According to separate data from the Illinois Department of Public Health and the National Oceanic and Atmospheric Administration, Cook County saw the highest number of cold-related deaths in the state. Slightly more than half of the county's cold-related deaths this year were in Chicago, according to the medical examiner's office. The most deadly bout of hypothermia and other cold-weather-related deaths in Cook came during the polar vortex of Jan. 5 to 7, when temperatures dropped to minus 16 and four deaths were attributed to the cold.
This winter's repeated, extended bouts of extreme cold have put city officials and emergency care workers on alert, prompting them to extend warming center and shelter hours, deploy vans at dusk and dawn to seek out homeless people and issue warnings about frostbite and hypothermia.
It is too soon to say how the season's cold-death tally will ultimately rank, as low temperatures are expected to continue at least through mid-March and the medical examiner's office is still working to determine the cause of some recent deaths.
However, medical professionals and city officials say they have not seen as many cold-related deaths or injuries this winter as they anticipated. For example, an emergency physician at Northwestern Memorial Hospital said that he has not seen more ER visits this year.
"The amount of injuries we saw were less than we expected," said Dr. Rahul Khare, an associate professor in the Department of Emergency Medicine at Northwestern University's Feinberg School of Medicine, who has worked as an emergency physician at the hospital for 10 years.
Aside from people using the emergency room as a warming center, several cases of falls on the ice and a couple of cases of frostbite, the University of Chicago Medical Center has also treated few cases directly attributed to the weather this season, according to spokeswoman Tiffani Washington.
Suzet McKinney, deputy commissioner of the Chicago Public Health Department, which ensures that the city's health centers and emergency facilities are prepared for a possible uptick in patients due to extreme weather, said hospitals experienced no severe overcrowding during this winter's cold spells.
In fact, ER visits markedly decreased, particularly during the cold snaps, which according to the city's Department of Family and Support Services fell Jan. 5 through 7, Jan. 27 to 28 and Feb. 10 and 11 this year.
"Interestingly enough, during the severe weather, they were definitely lower," Khare said. "People just don't want to get out."
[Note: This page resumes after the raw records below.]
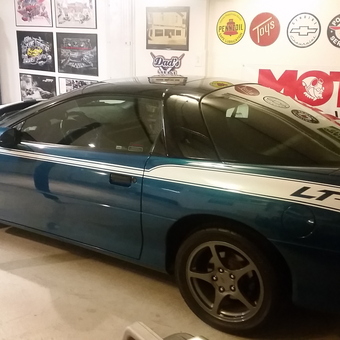 Classic Camaro Z28 in Decorated Garage - Bobby2 from McDonald, Pa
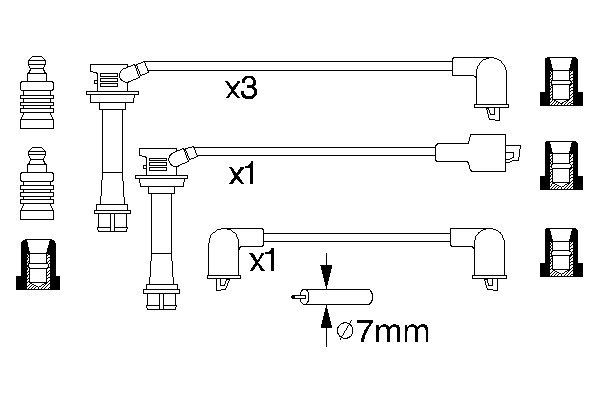Bosch Bougiekabelset 0 986 356 946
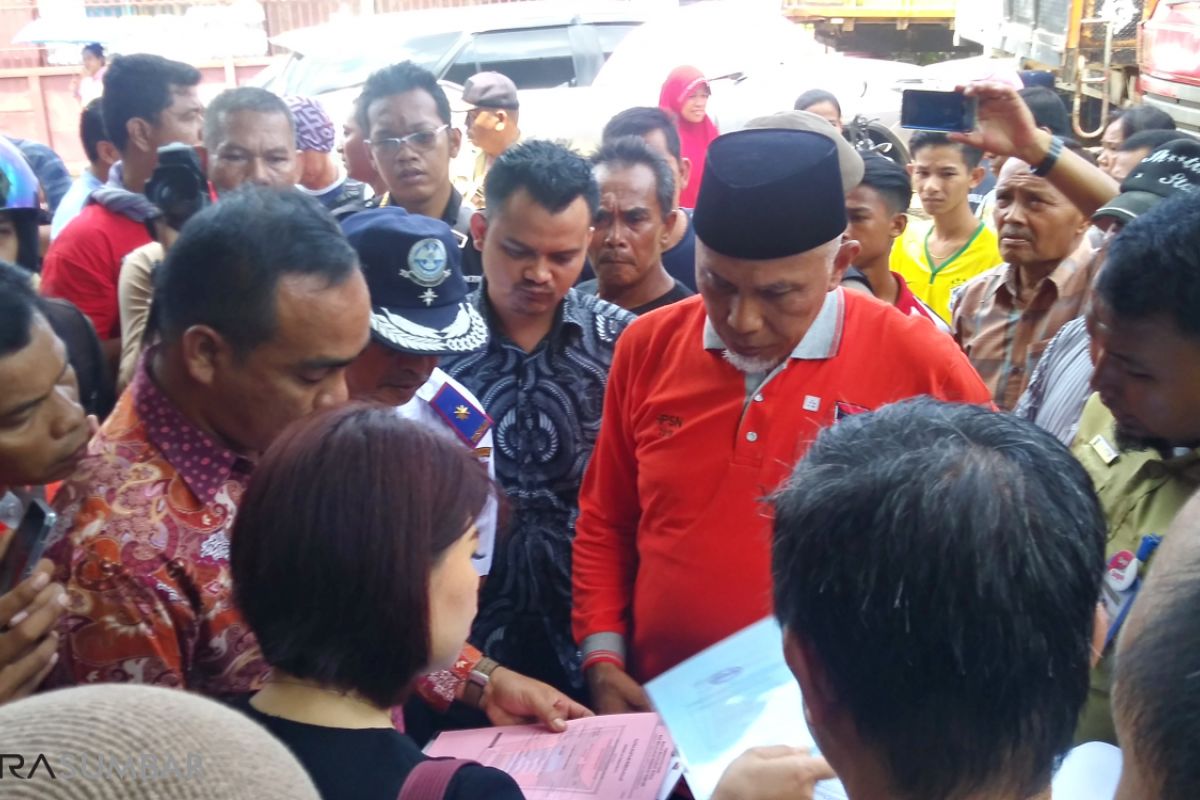 Diduga salahi izin, Wali Kota Padang sidak kantor PT Sabang Merauke Persada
Those who work closely with the homeless, elderly and other groups most at risk of death due to cold exposure theorized that among the reasons for the fewer than expected problems could be that along with extreme temperatures came heightened awareness and stepped-up efforts to protect vulnerable populations.
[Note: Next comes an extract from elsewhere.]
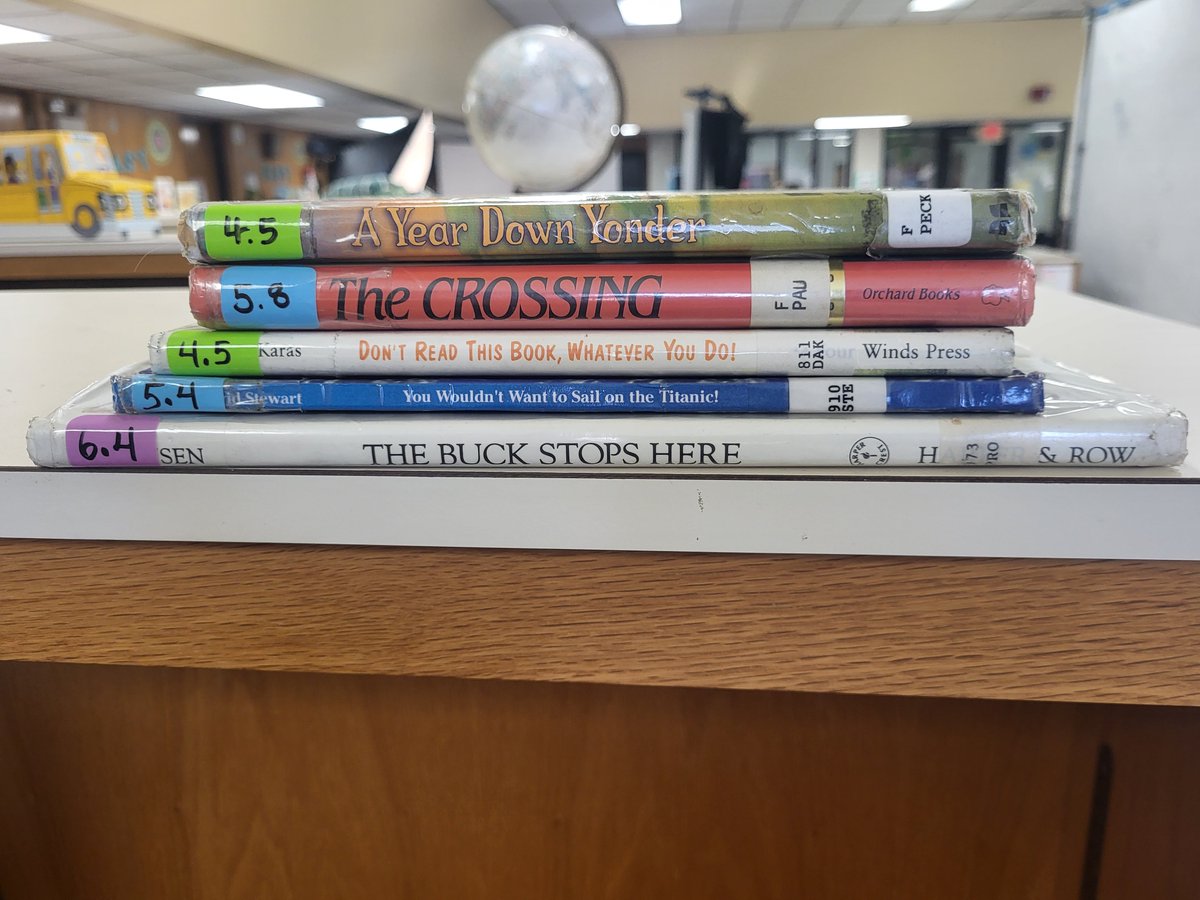 Picture day in the library didn't stop us...we made Book Spine poems! Check out what the 4th grade AIG students of <a href="/LoydEAuman/">Loyd E. Auman Elementary</a> created. 

<a href="/CumberlandCoAIG/">CumberlandCoAIG</a>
A mobile warming center bus was deployed for the first time this year, during the first polar vortex Jan. 5 to 7, according to Matt Smith, spokesman for the Department of Family and Support Services. The city's six warming centers and six regional senior centers extended their hours, and shelters were instructed to stay open 24 hours and not turn anyone away, Smith said.
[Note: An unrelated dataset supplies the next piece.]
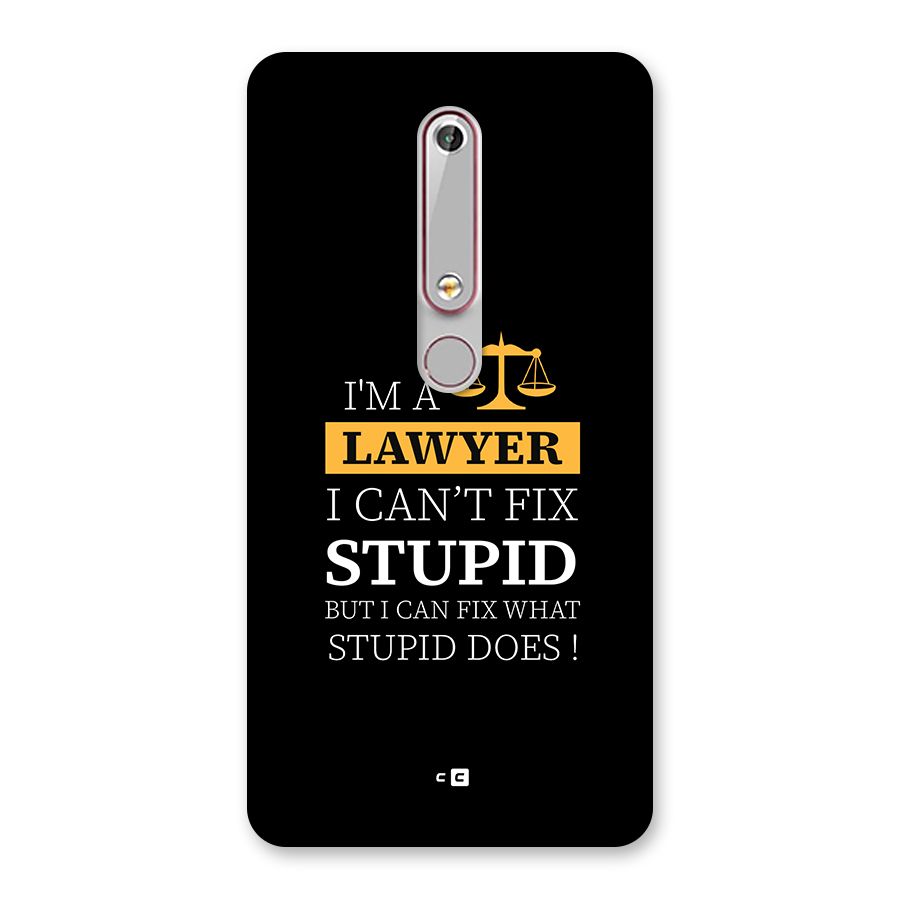 Fix Stupid Case Back Case for Nokia 6.1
"We've made it through one of the worst winters in history in relatively good shape because we all worked together," Smith said.
In her nearly two decades working for the Chicago Coalition for the Homeless, Director of Policy Julie Dworkin said she cannot remember a time when services were changed so drastically due to extreme cold.
The fact that Chicago Public Schools canceled classes because of the cold not once but twice, Khare pointed out, made a statement: This winter's temperatures are dangerous.
"They even have names, right?" Khare said, "like 'Chiberia' and 'Polar Vortex' — almost like a hurricane."